By Cian Molloy - 24 December, 2018
Jesus Christ is the source of true light in this time of darkness and shadow, says Bishop Dermot Farrell, in his first Christmas reflection since becoming head of the Diocese of Ossory earlier this year.
Bishop Farrell said what was most striking about the great mystery of the incarnation was the gentleness, the silence, the humility of Our Lord’s coming among us, as told in Luke’s Gospel: “A baby wrapped in swaddling clothes and lying in a manger.”
“Christmas is a call to trust in the God who comes to us in this way. Our God is a God of trust – a God of trust is a God of risk.
“God risks asking the young woman Mary in Nazareth; God entrusts his plan to her answer. Joseph too was willing to cooperate with the divine plan, though he in no way knew its contours or deepest purpose. Like Mary at the Annunciation, whom we admire for her response to God’s call and mission, he trusted and let himself be led.
“God entrusts his Son to the vulnerability of the lives of this young couple. Because Mary and Joseph trust in the goodness of God, and in God’s providence, Christ now Nazareths in us and Bethlehems, too.”

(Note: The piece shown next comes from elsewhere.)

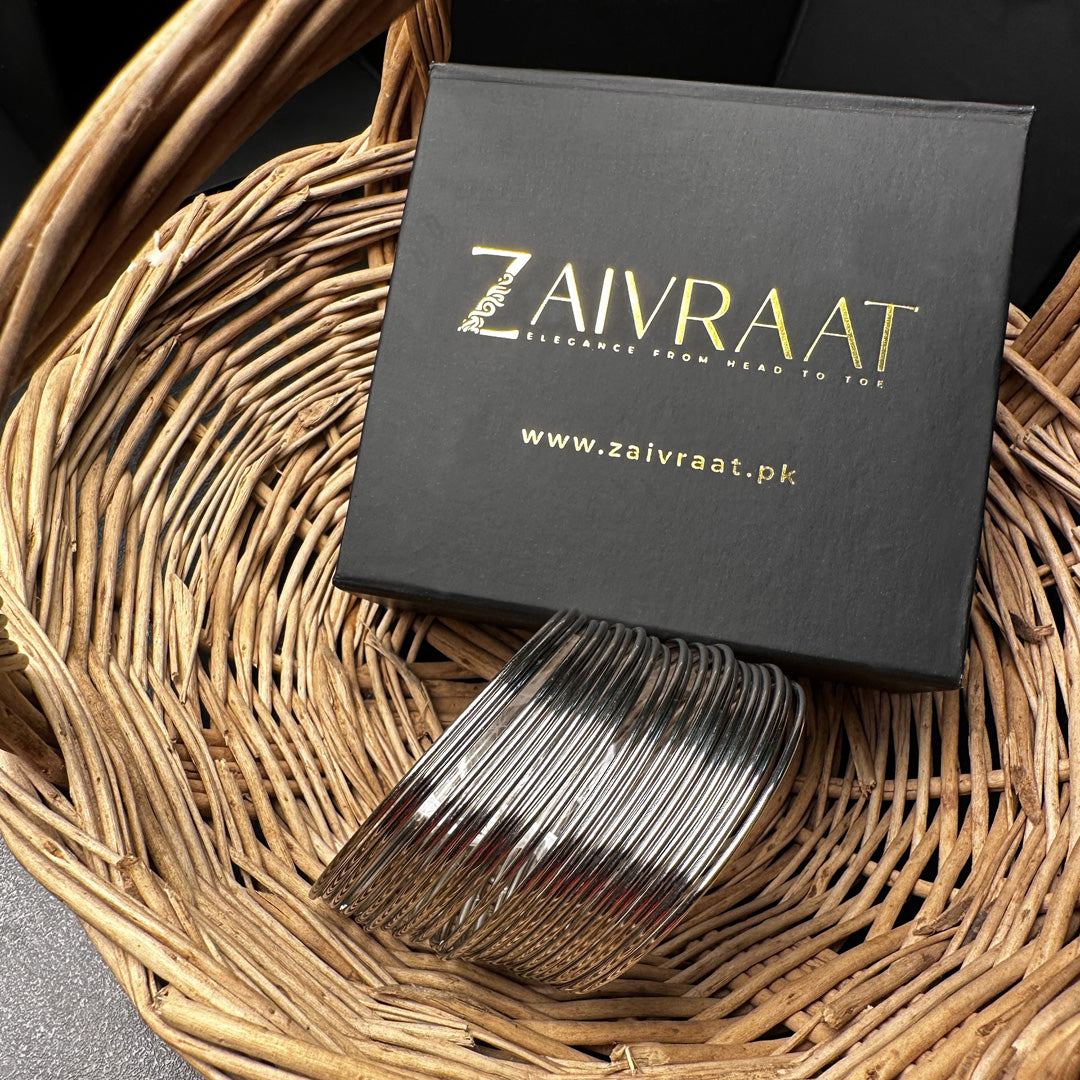 Silver Steel Bangles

Bishop Farrell said today was a time of “darkness and shadow”. He noted Ireland’s homeless statistics, with 15 people in Ireland becoming homeless each day – many of them children.
“Such a figure, however, does not convey the personal trauma that homelessness can bring. Today, it is surely not an impossible dream to hope that no person, particularly no child, in this country would be left homeless or go to bed hungry. I am thinking not only of those in hotel rooms, but also of our immigrants in detention centres and direct provision – every one of them precious to God.
“Others have also experienced times of darkness and shadow: we think of those who live through war and famine, the migrants and the refugees. May the Lord open our eyes to see the image of God in every person, at every stage of their lives.
“Emmanuel, you came to dwell among us as the source of true light. We see that light reflected in the lives of so many people. We see heroism and patience and understanding; we see honesty and unselfish service of others; we see genuine holiness and fidelity.
“There are countless unnamed people in the world, in government, in the church, in our estates, in our townlands and in our families among whom God’s Word continues to become flesh and to dwell among us (John 1:14). Their lives testify that the reign of God has indeed taken hold.
“O Lord, may my life radiate with your light and be perceived by all who sit in darkness. May all of us, by our love, bring light and hope to all whose lives are troubled this Christmas,” Bishop Farrell said.